Armenia - Opposition activists urge Armenians to join an upcoming "civil disobedience" campaign, Yerevan, 16Nov2015.
Armenia - Opposition activists urge Armenians to join an upcoming "civil disobedience" campaign, Yerevan, 16Nov2015.

A radical opposition alliance reaffirmed on Tuesday its plans to use Armenia’s upcoming referendum for trying to topple President Serzh Sarkisian with sustained street protests that will begin in Yerevan on December 1.

Zhirayr Sefilian and other leaders of the New Armenia Public Salvation Front alliance urged people to join the planned campaign of “civil disobedience” as they held a rally in the southern town of Artashat. It attracted only several dozen people.

“What December 6 are they talking about?” Sefilian told the tiny crowd, referring to the date of the referendum. “What voting can there be under a dictatorship?”

“Civil disobedience actions will not stop until we throw the illegal regime out of our country,” another New Armenia leader shouted through a megaphone as the oppositionists marched through the town to raise local residents’ awareness of their campaign.

Sefilian downplayed the poor attendance at the rally, attributing it to the fact that Artashat and surrounding villages are widely regarded as Prime Minister Hovik Abrahamian’s de facto fiefdom. “We all know how this anti-national system is trying to suppress our people,” he told RFE/RL’s Armenian service (Azatutyun.am).

“I am confident that a necessary number of people will gather in Yerevan and that we will launch our push,” he said.

Sefilian’s Founding Parliament movement, the driving force behind New Armenia, already tried unsuccessfully to topple Sarkisian this spring.

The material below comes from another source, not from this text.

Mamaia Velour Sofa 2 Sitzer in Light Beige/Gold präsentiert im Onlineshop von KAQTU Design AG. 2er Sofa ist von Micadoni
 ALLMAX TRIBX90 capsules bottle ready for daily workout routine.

It failed to pull large crowds in Yerevan after Sefilian and four other Founding Parliament leaders were arrested on controversial charges. They all were set free a month later.

The mostly small groups aligned in New Armenia are also part of the No Front, a more broad-based opposition coalition campaigning against Sarkisian’s controversial constitutional changes. The Armenian National Congress (HAK), the key member of the coalition, favors a less radical agenda, focusing on getting most Armenians to vote against the amendments.

Levon Zurabian, the HAK’s deputy chairman, expressed confidence on Tuesday that the vast majority of voters will heed the opposition calls when they go to the polls on December 6. He claimed that confidential opinion polls commissioned by the government testify to a grave lack of popular support for Sarkisian’s plans to turn Armenia into a parliamentary republic.

“Our private contacts with government loyalists show that the situation is simply disastrous for the authorities,” Zurabian told reporters after a meeting with the heads of No Front offices opened across Armenia.

Zurabian also said that the HAK and its opposition allies will unveil a new plan of joint actions at the No Front’s next rally in Yerevan scheduled for Friday. He declined to give its details.